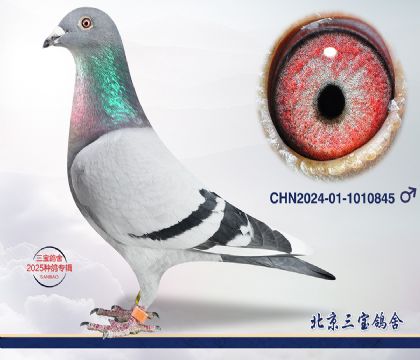 2.吉林克斯x速霸龍.1010845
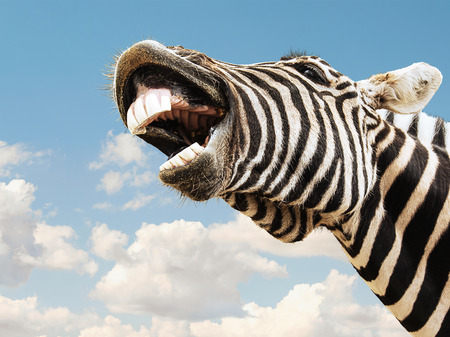 Zebra striped happy laughting with teeth smile on a sky backgroundの写真素材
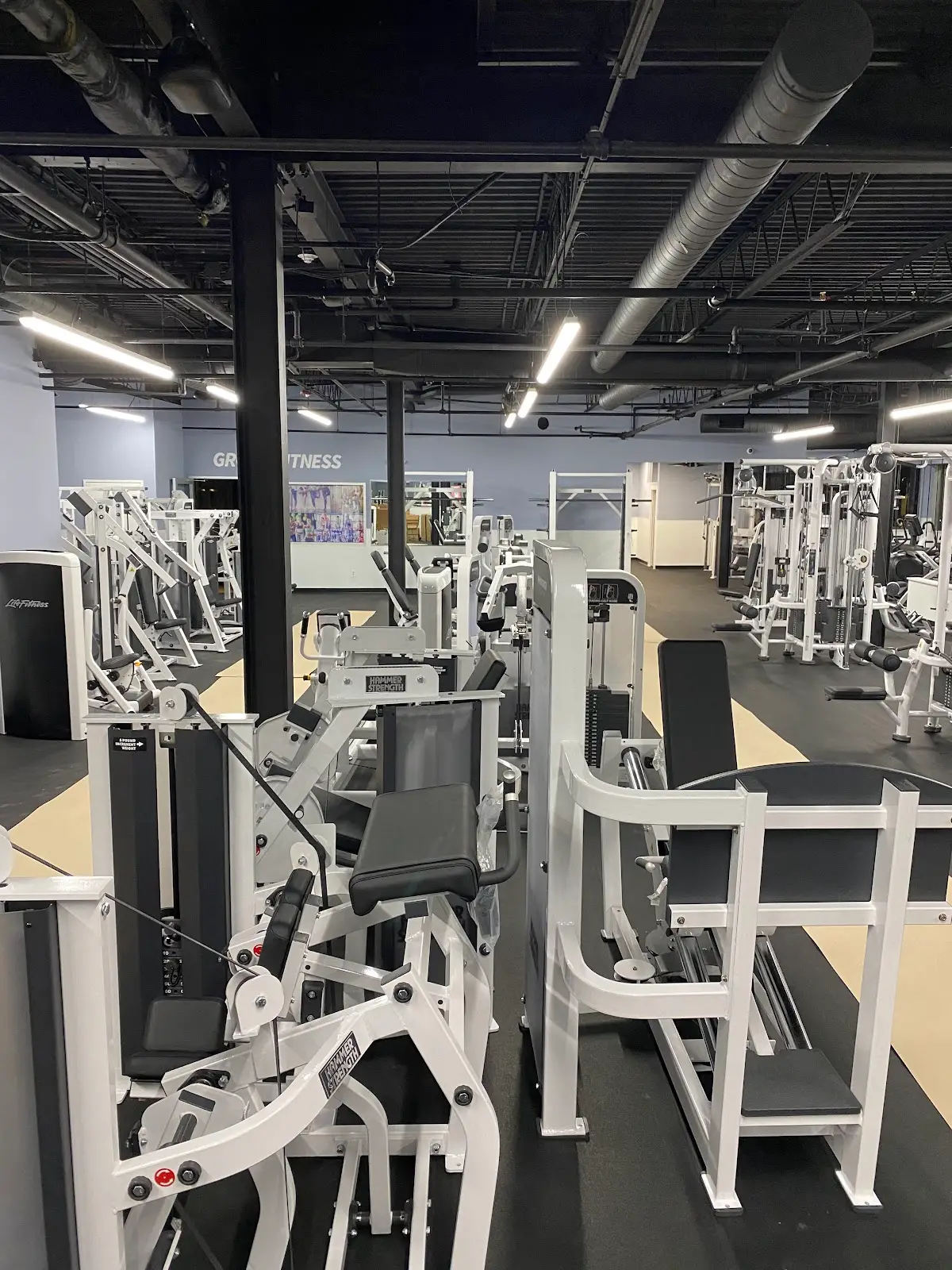 Kings & Queens Elite Fitness Facility — Diet & Nutrition in Hewlett Plaza, New York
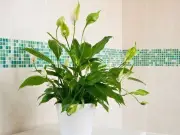 Move Peace Lilies to One Specific Room for More Blooms, Expert Says
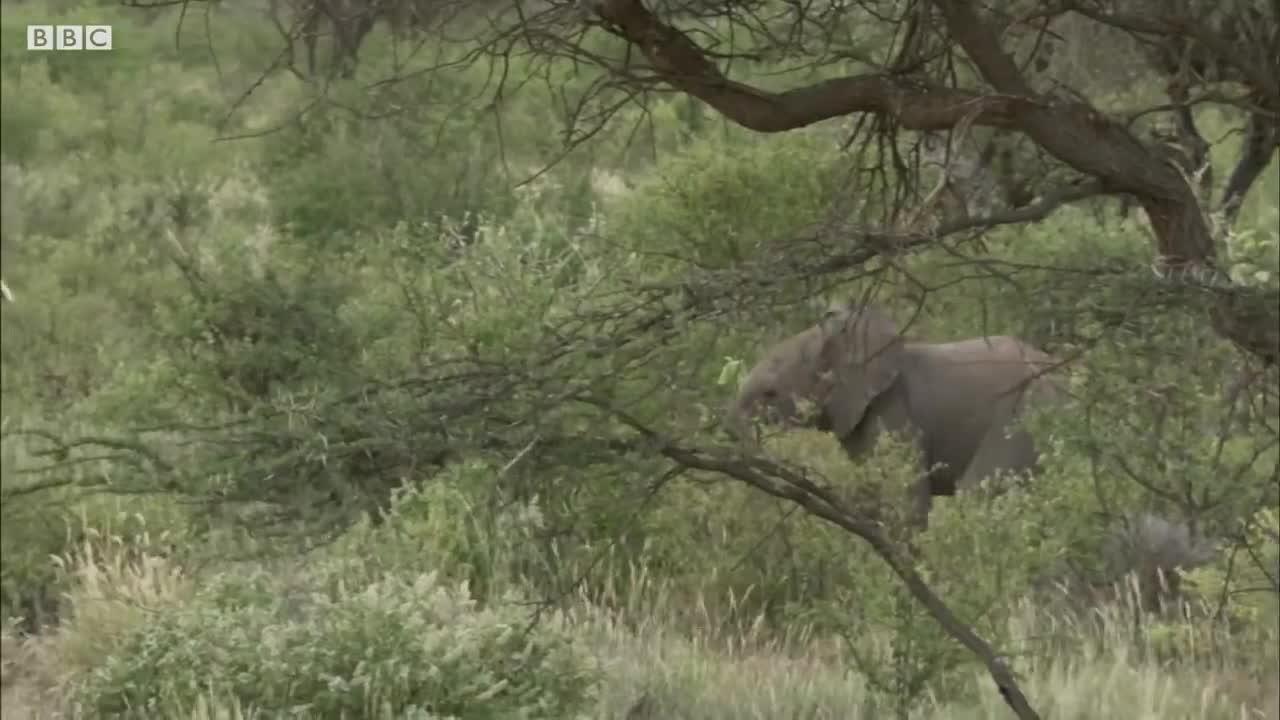 Baby Elephant Has Broken Leg Treated | Secret Life Of Elephants | BBC Earth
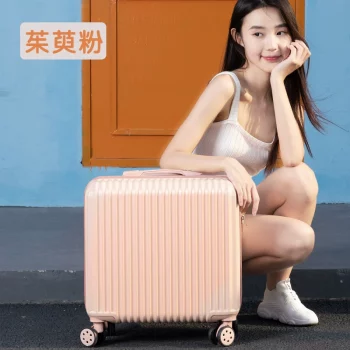 Y1004Personalized customized luggage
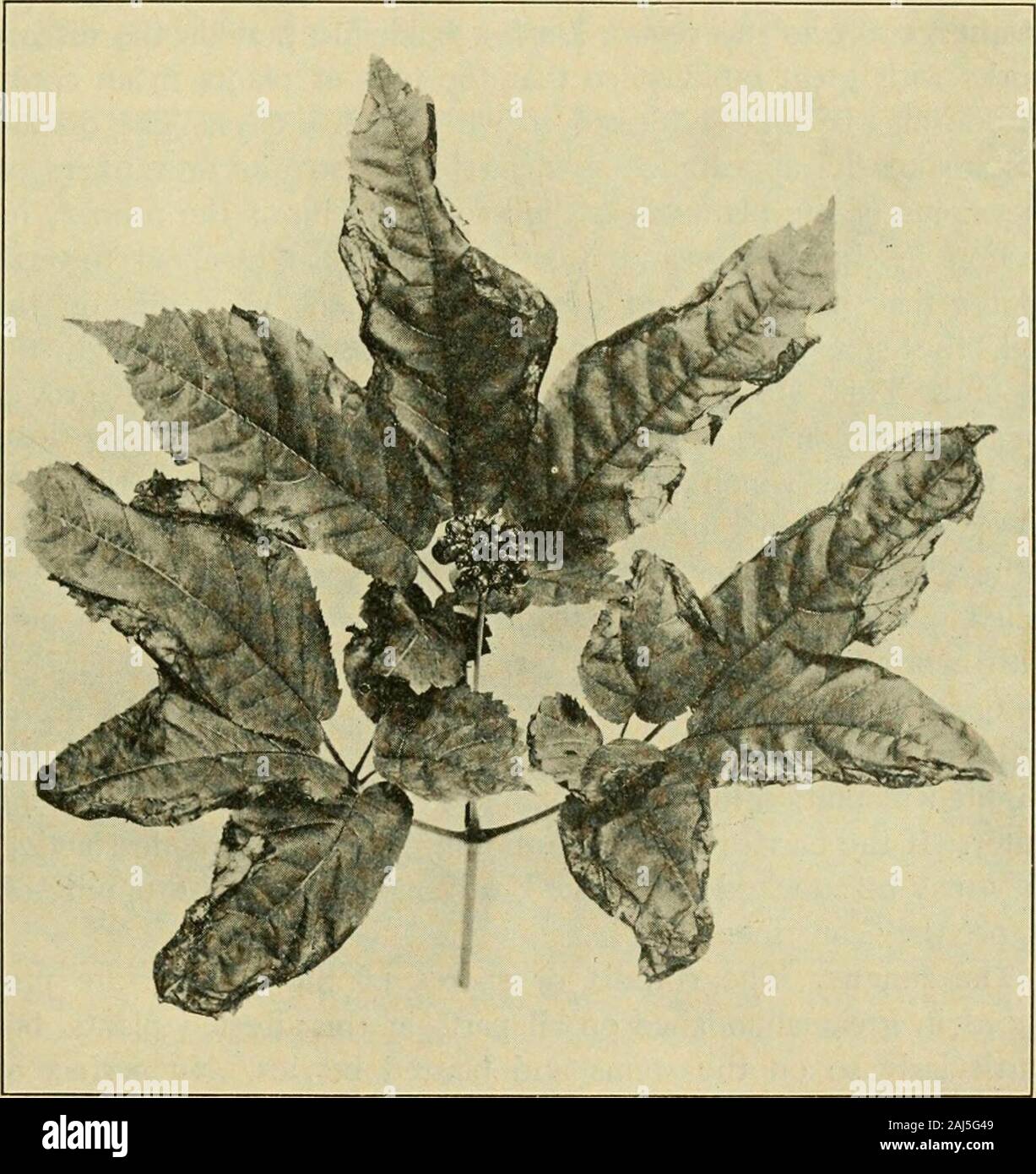 Fungous diseases of plants . ed the geneticconnection between the Macrosporium of onion and Plcospora hcr-bariivi (Pers.) Rab., incidentally indicating, also, that the Macrospo-rium agrees with the saprophytic form described by Berkeley. XV. MACROSPORIUM: OTHER SPECIES Occurring upon other solanaceous hosts are such species asMacrosporiuvi toviato Cke. and Macrosporium Datura Fautr.Several species have been reported upon onions besides Macro-sporhini Sarci)iula Berk, above discussed. Other species ofMacrosporium besides the latter have also been connected withspecies of Pleospora. Macrosporium Stock Photo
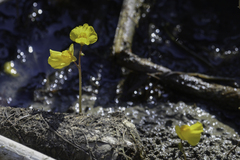 Utricularia macrorhiza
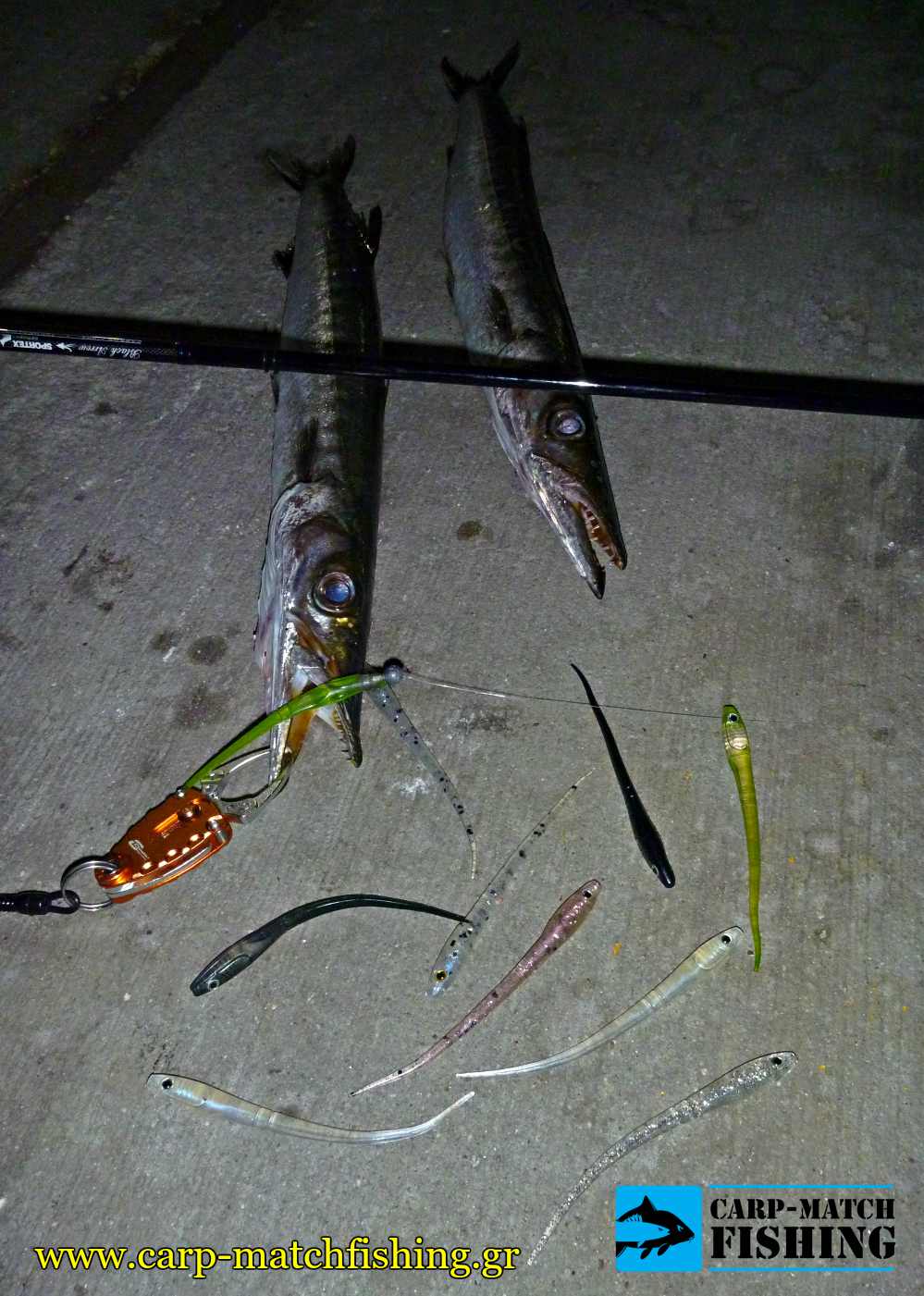 silikones lrf loytsoi 2 lighr rock fishing sportex black arrow carpmatchfishing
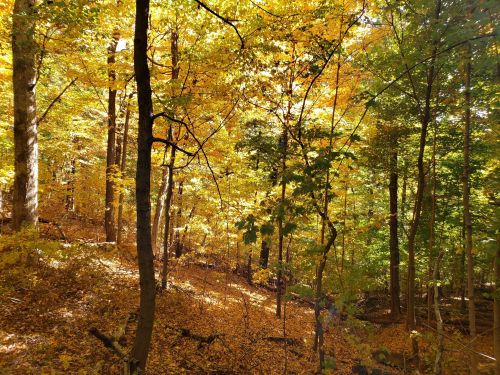 A vibrant forest scene in autumn, with golden leaves on trees and a carpet of fallen leaves on the ground.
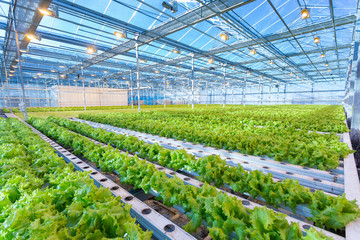 Green salad growing in greenhouse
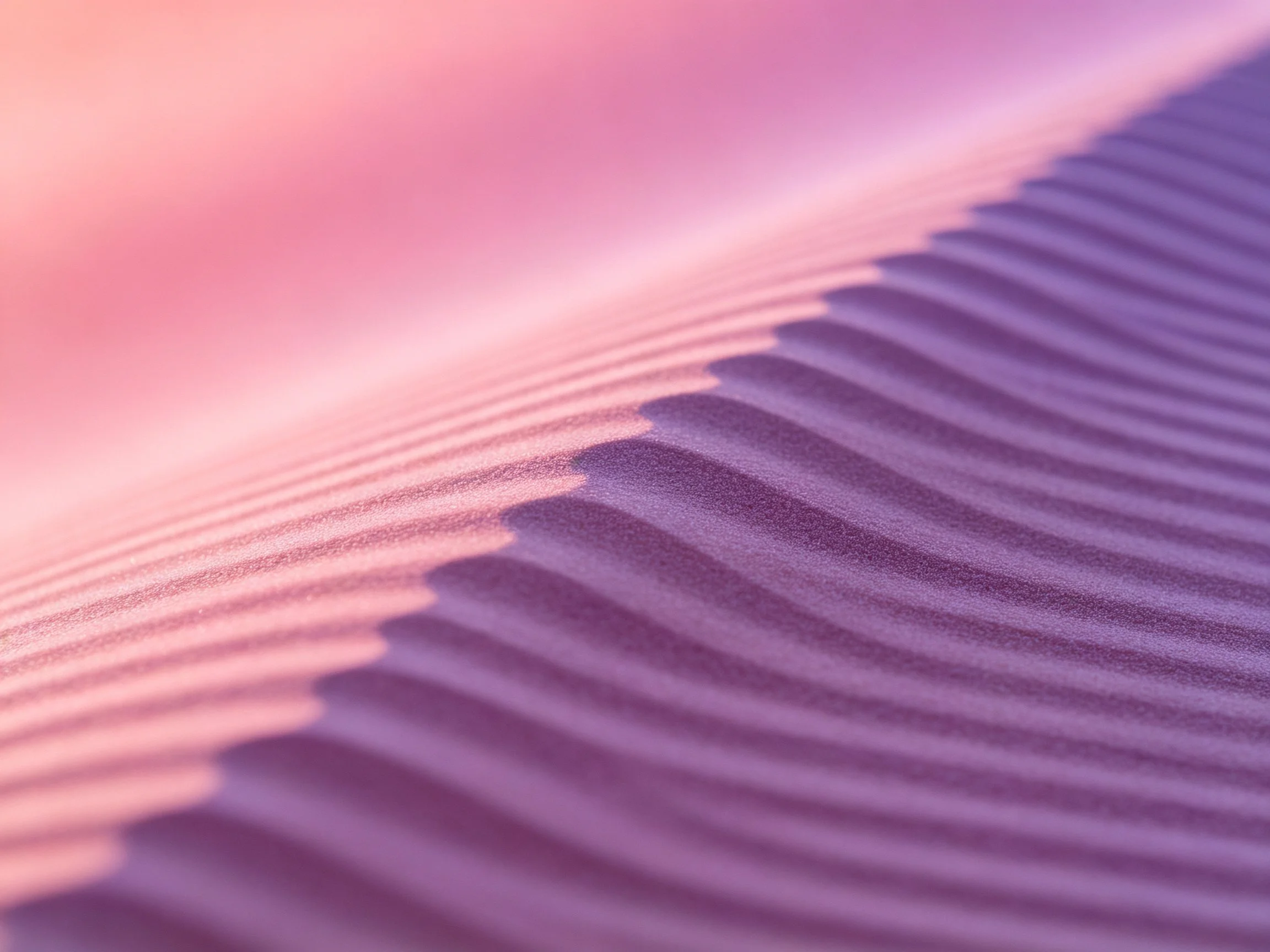 Close-up view of rippled sand dunes with pink and purple color gradients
○ ○ ○ ○
◆ **Requirement**: Omitting all pictures, retype exactly the lines from the line containing "Y1004Personalized customized luggage" down to the last line above, both ends included.

◆ **Reply to the task**:
 Y1004Personalized customized luggage
 Fungous diseases of plants . ed the geneticconnection between the Macrosporium of onion and Plcospora hcr-bariivi (Pers.) Rab., incidentally indicating, also, that the Macrospo-rium agrees with the saprophytic form described by Berkeley. XV. MACROSPORIUM: OTHER SPECIES Occurring upon other solanaceous hosts are such species asMacrosporiuvi toviato Cke. and Macrosporium Datura Fautr.Several species have been reported upon onions besides Macro-sporhini Sarci)iula Berk, above discussed. Other species ofMacrosporium besides the latter have also been connected withspecies of Pleospora. Macrosporium Stock Photo
 Utricularia macrorhiza
 silikones lrf loytsoi 2 lighr rock fishing sportex black arrow carpmatchfishing
 A vibrant forest scene in autumn, with golden leaves on trees and a carpet of fallen leaves on the ground.
 Green salad growing in greenhouse
 Close-up view of rippled sand dunes with pink and purple color gradients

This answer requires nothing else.